Review on parameter estimation techniques of solar photovoltaic systems
Author(s) -
Venkateswari Radhakrishnan,
Rajasekar Natarajan
Publication year - 2021
Publication title -
international transactions on electrical energy systems
Language(s) - English
Resource type - Journals
SCImago Journal Rank - 0.428
H-Index - 42
ISSN - 2050-7038
DOI - 10.1002/2050-7038.13113
Subject(s) - photovoltaic system , computer science , estimation theory , heuristic , set (abstract data type) , mathematical optimization , noise (video) , function (biology) , reliability engineering , algorithm , engineering , artificial intelligence , mathematics , electrical engineering , evolutionary biology , image (mathematics) , biology , programming language
Summary Beyond meeting power demand, switching to solar energy especially solar photovoltaic (PV) offers many advantages like modularity, minimal maintenance, pollution free, and zero noise. Yet, its cell modeling is critical in design, simulation analysis, evaluation, and control of solar PV system; most importantly to tap its maximum potential. However, precise PV cell modeling is complicated by PV nonlinearity, presence of large unknown model parameter, and absence of a unique method. Since number of model parameters involved is directly related to model accuracy, and efficiency; determination of its values assume high priority. Besides, application of meta‐heuristic algorithms via numerical extraction is popular as it suits for any PV cell/module types and operating conditions. However, existence of many algorithms have drawn attention toward assessment of each method based on its merits, demerits, suitability/ability to parameter estimation problem, and complexity involved. Hence, few authors reviewed the subject of PV model parameter estimation. But existing reviews focused on comparative analysis of analytical and meta‐heuristic approaches, analysis of models, and application of meta‐heuristic methods for model parameter extraction. Thus, lack a comprehensive analysis on methods based on different objective function, assessment on environmental conditions, and cumulative analysis on selective set of algorithm based on efficiency.

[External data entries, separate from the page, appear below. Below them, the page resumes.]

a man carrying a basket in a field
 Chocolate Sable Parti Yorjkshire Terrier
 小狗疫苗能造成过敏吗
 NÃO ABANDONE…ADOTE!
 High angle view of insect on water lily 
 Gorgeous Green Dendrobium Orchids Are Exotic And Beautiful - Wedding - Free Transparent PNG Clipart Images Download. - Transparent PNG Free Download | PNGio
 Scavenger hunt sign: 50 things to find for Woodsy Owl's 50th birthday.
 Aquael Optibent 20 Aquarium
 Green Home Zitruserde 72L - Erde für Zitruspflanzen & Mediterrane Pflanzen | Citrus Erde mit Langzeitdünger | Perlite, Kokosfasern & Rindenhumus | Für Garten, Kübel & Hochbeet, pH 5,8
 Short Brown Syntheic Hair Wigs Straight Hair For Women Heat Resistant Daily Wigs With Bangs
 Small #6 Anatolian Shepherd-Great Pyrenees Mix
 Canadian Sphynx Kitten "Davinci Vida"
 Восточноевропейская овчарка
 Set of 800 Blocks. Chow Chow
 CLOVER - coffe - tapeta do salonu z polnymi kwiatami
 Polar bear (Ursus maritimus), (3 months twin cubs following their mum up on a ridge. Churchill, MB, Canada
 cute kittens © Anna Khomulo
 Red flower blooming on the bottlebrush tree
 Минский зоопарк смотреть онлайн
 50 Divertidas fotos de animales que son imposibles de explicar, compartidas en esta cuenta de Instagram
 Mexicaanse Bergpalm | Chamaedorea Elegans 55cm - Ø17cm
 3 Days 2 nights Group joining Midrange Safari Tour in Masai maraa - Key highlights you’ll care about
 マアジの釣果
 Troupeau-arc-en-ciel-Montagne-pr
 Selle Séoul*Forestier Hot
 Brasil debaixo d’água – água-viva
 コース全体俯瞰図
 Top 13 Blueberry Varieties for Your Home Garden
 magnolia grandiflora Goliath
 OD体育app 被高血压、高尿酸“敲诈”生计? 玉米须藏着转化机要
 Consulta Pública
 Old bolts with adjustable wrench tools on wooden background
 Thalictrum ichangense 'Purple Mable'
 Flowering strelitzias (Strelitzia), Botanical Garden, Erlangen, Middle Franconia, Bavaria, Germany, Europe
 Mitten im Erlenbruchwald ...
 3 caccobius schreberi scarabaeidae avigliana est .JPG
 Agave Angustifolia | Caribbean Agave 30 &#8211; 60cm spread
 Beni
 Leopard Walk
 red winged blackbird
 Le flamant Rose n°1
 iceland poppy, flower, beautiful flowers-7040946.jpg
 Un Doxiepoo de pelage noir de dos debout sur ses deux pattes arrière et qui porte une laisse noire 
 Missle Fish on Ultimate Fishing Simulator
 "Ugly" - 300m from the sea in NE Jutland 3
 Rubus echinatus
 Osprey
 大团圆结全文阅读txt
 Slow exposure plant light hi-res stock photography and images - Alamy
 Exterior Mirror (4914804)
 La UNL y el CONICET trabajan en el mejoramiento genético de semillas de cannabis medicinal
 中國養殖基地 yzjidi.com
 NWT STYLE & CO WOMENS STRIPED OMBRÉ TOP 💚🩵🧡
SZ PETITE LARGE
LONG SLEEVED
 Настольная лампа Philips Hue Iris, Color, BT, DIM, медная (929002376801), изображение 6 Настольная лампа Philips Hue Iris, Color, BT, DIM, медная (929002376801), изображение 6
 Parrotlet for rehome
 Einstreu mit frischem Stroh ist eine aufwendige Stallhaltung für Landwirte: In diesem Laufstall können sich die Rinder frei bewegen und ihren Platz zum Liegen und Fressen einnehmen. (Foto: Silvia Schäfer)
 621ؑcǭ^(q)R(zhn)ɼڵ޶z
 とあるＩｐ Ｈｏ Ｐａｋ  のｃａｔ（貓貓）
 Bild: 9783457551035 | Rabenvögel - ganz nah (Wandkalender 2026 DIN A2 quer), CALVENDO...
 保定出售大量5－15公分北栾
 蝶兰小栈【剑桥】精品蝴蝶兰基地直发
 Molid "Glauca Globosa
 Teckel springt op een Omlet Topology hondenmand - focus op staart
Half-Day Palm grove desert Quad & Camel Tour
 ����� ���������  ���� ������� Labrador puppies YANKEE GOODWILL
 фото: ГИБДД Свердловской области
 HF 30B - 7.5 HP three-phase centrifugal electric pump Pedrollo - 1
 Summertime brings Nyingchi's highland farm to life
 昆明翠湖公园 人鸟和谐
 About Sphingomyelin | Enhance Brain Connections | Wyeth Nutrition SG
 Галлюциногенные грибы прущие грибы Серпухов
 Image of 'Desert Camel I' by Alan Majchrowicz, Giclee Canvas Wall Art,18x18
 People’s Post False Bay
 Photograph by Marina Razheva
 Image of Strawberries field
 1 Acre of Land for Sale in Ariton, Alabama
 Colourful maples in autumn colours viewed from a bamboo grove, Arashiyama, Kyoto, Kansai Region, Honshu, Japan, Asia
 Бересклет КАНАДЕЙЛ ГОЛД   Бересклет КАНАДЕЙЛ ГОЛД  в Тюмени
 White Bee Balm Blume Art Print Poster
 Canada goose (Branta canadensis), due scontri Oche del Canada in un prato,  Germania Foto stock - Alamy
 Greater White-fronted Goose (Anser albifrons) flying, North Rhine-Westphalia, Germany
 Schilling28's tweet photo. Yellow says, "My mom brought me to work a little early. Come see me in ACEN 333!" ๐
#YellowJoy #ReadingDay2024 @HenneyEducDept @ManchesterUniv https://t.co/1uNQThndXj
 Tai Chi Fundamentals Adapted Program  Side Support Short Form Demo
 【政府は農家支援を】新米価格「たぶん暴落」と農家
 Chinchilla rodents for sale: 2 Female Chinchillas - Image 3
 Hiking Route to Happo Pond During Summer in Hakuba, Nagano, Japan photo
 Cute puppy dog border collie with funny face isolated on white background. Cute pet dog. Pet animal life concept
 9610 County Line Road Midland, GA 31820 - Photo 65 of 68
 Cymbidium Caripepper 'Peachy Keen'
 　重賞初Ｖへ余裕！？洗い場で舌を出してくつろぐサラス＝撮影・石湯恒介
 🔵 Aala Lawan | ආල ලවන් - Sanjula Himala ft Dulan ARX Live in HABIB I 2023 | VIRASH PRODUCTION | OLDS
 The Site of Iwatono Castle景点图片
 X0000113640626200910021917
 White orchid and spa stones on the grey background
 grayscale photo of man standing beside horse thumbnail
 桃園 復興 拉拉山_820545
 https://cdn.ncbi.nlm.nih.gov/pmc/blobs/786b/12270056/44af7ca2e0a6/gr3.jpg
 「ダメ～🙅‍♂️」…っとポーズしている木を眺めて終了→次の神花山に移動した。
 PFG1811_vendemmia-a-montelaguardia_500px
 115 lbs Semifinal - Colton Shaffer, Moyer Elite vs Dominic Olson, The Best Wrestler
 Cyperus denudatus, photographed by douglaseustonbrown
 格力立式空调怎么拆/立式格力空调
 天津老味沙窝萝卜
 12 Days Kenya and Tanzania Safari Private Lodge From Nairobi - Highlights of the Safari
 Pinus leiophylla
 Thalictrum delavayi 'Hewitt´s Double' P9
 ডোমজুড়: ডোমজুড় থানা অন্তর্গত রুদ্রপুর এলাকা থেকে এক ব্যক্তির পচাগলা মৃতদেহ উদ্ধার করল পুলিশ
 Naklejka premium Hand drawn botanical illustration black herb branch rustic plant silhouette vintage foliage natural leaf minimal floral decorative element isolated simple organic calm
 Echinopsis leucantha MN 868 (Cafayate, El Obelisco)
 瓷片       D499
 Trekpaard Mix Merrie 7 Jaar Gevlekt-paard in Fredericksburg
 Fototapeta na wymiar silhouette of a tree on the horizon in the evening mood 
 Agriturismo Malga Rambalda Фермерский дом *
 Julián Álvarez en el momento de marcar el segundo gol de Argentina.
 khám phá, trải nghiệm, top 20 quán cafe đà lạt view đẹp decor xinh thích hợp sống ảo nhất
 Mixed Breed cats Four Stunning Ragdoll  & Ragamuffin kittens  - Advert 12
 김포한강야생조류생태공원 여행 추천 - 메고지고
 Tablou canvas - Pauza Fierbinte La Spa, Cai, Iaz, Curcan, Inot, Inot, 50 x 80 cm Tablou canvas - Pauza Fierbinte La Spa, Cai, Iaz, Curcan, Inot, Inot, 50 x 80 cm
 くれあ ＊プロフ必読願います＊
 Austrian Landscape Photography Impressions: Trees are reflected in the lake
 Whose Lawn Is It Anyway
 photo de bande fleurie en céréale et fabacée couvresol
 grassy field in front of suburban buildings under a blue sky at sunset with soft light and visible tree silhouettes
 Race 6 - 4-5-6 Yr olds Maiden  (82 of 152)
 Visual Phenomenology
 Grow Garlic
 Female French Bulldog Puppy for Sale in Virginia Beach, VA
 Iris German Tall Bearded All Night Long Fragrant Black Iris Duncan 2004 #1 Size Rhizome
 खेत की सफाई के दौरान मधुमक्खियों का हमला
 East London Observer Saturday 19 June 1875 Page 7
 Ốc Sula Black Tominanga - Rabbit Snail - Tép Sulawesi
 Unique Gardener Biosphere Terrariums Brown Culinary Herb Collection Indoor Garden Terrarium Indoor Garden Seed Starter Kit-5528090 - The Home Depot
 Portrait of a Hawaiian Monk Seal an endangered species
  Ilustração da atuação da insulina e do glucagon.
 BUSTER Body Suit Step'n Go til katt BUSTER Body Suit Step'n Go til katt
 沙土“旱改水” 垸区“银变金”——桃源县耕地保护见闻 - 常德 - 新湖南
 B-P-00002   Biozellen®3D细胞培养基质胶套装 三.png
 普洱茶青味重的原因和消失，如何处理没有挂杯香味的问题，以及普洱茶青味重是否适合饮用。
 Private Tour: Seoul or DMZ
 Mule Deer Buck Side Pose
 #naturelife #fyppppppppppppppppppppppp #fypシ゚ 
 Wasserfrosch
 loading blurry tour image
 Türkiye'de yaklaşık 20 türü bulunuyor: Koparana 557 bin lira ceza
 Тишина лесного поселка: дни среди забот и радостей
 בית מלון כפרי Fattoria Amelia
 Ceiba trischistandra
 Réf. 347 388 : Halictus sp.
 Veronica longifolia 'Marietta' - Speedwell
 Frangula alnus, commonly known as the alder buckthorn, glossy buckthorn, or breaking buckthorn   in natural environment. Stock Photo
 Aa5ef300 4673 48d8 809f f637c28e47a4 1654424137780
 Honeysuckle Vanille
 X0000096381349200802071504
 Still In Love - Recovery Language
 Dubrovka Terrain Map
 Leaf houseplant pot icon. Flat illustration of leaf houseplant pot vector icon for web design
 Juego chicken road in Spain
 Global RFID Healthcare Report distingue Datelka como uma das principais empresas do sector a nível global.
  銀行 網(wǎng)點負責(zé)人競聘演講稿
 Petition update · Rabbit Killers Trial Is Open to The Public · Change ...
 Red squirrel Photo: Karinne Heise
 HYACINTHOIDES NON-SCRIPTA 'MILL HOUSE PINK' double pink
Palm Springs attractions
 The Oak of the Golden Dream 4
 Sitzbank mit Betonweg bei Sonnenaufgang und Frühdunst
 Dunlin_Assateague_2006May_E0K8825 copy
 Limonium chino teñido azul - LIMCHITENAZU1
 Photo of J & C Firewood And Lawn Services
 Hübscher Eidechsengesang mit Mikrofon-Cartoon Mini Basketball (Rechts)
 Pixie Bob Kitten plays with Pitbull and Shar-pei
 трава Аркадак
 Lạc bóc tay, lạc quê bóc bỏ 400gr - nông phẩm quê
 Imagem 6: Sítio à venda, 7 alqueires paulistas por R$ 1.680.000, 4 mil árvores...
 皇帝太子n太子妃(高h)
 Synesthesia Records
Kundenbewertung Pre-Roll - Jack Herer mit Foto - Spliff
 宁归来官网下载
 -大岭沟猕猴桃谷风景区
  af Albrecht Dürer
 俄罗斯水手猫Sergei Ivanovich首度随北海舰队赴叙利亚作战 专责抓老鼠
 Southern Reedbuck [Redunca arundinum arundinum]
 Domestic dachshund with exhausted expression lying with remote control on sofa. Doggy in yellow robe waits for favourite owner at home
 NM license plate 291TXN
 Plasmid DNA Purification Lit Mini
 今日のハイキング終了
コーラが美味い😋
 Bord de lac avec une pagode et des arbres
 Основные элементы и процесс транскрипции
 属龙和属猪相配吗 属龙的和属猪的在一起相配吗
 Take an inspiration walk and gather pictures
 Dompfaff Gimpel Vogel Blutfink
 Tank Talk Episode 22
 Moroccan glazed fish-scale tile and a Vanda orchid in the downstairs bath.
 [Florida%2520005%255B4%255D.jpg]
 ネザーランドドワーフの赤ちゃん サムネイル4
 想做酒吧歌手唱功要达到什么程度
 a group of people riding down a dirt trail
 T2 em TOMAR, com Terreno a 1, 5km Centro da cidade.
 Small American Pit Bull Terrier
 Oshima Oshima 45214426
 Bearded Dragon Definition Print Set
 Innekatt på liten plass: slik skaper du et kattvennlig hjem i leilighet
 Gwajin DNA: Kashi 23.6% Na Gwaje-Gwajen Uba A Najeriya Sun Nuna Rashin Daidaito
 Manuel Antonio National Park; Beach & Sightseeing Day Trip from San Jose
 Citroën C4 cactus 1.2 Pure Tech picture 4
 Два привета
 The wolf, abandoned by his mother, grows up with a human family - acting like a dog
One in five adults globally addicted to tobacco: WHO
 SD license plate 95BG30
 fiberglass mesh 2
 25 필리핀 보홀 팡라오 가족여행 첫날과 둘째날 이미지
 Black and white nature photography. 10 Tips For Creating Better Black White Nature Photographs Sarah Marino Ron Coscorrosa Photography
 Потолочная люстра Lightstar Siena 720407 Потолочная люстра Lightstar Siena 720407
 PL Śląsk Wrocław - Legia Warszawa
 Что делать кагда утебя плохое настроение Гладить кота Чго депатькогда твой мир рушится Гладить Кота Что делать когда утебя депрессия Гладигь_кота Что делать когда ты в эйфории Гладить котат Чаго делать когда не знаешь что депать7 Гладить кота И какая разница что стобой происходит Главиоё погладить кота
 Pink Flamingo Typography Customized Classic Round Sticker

Therefore, this work reviews optimization algorithms presented for parameter estimation focusing on (a) objective function used, (b) modeling type, (c) algorithm employed for parameter extraction, and (d) PV technology. Further, provides a comprehensive assessment on various modules types used for validation, comparisons made with methods, advantages and disadvantages associated with each method with respect to parameter estimation platform, critical analysis on each method at STC, and varying irradiance conditions. In addition, a critical evaluation on specific set of algorithm based on objective function values is also carried out. Thus explores and display the characteristics of various techniques related to PV cell modeling and serve to be a single reference for researchers working in the field of PV parameter estimation.